Monday, February 7, 2011

Tunisia: four dead in protest

More than 40 people were injured Sunday, including one man severely burned in the fire at police headquarters in the town of El Kef (NW Tunisia) show, Monday, February 7, hospital sources. "A badly burned man was transferred to hospital by Ben Arous [specializing in the care of burn victims] in Tunis," said one hospital source attached to the regional hospital of Kef.

"Almost all the injured were admitted for mild cases of asphyxia and respiratory difficulties. There are also some cases of fracture. They have all been discharged from the hospital Sunday night," the source said. Most were injured in the fire at the local headquarters of the police by marauding gangs.

Monday morning the situation was "calm" in Kef, where the army is still deployed at strategic crossroads of the city and to major public buildings, said a union contacted by telephone from Tunis. The activity was not repeated, schools and shops were still closed at 10 o'clock. Every weekend, this city of about 50,000 inhabitants has been rocked by violent clashes and prey to looters.

The police building had already been partially burned Saturday by protesters demanding the departure of the local police chief accused of abuse of power. Sunday, the building was again targeted, this time by gangs of youths who then looted throughout the city, witnesses and union sources.

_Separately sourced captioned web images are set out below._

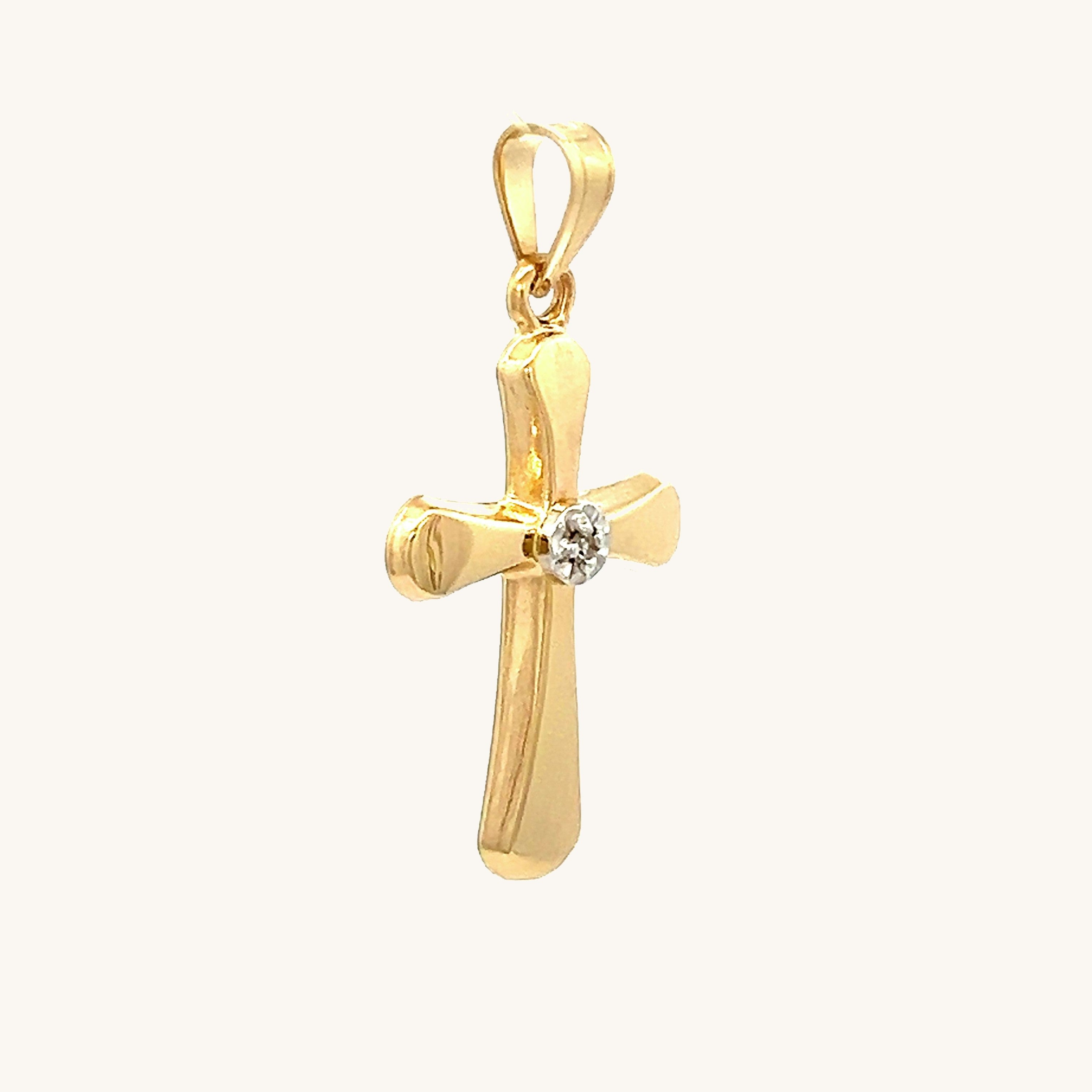 14K Yellow Gold Diamond Cross M S XS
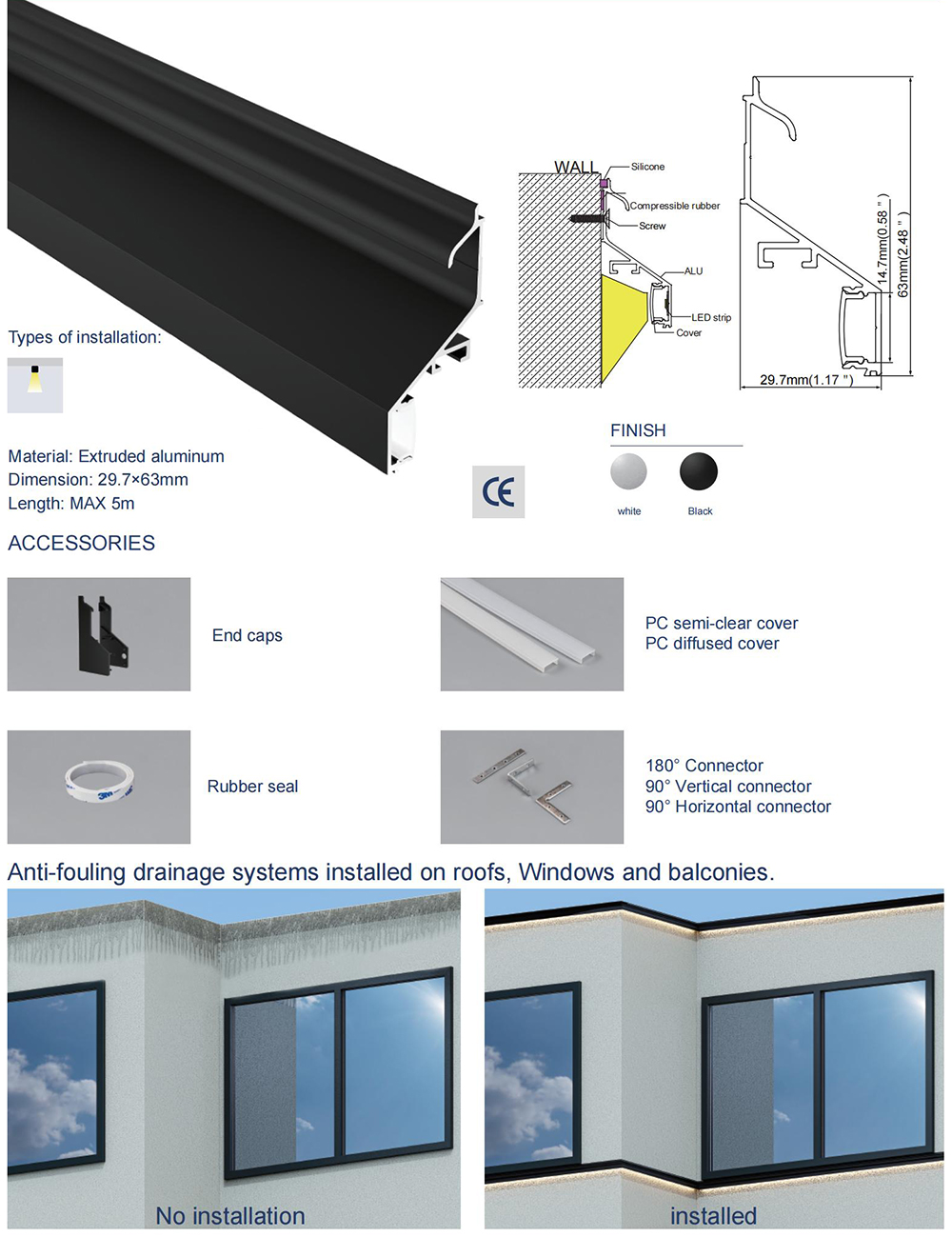 Outdoor LED strip aluminum profiles with drainage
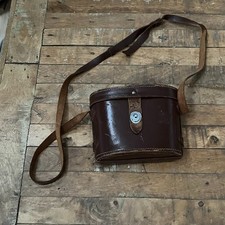 Vintage Brown Leather Binocular Case Red Lining  Leather Strap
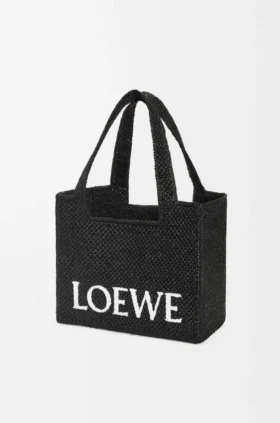 Medium Loewe Font Tote in Raffia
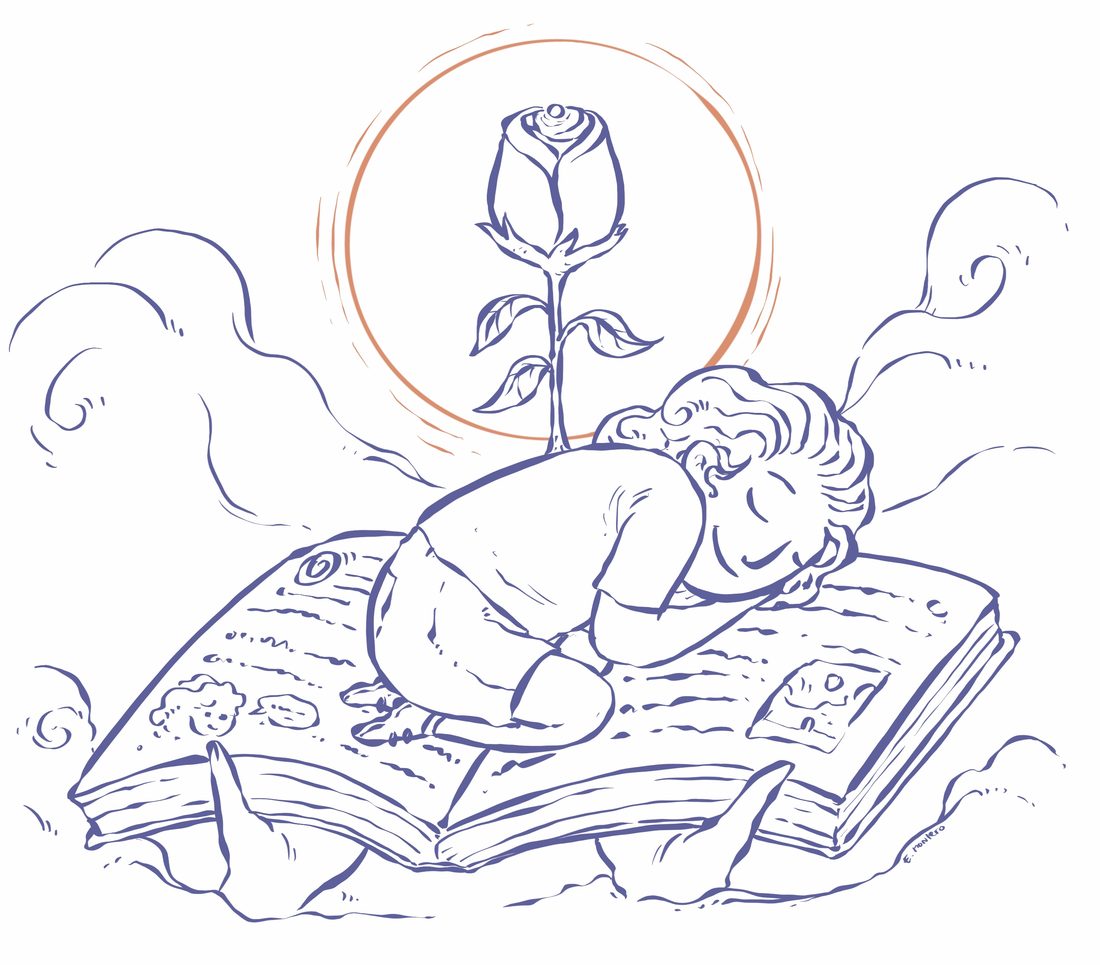 Line drawing of a child resting on an open storybook held up by hands, with a rose blooming inside a sun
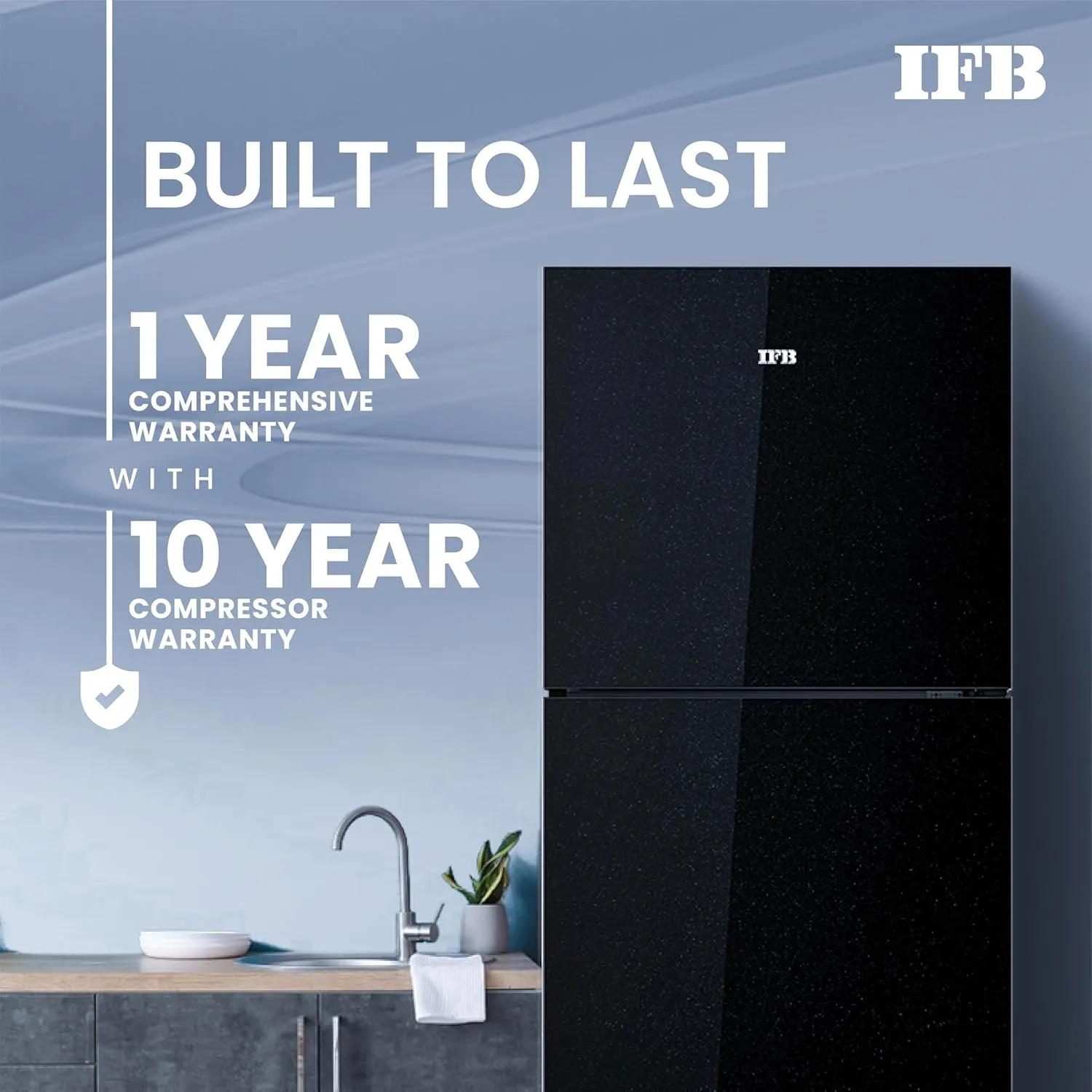 IFB IFBFF-3362IKGT Free Refrigerator 285 Litre | 2 Star | Glass Model | Eco-Cool Series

Saturday's clashes left two people dead, according to the Interior Ministry, which denied review of the four deaths given union sources. The two young men killed by the local chief of police who was arrested on Saturday night, were buried Sunday at Kef, witnesses said. The Tunisian interior minister, Fahrat Rajhi, said Sunday the suspension of activities of the Constitutional Democratic Rally, the party monopolized political life under the former regime of Zine El-Ali AbidineBen.

The former dictator was ousted Jan. 14, after four weeks of popular revolt, and fled to Jeddah, Saudi Arabia.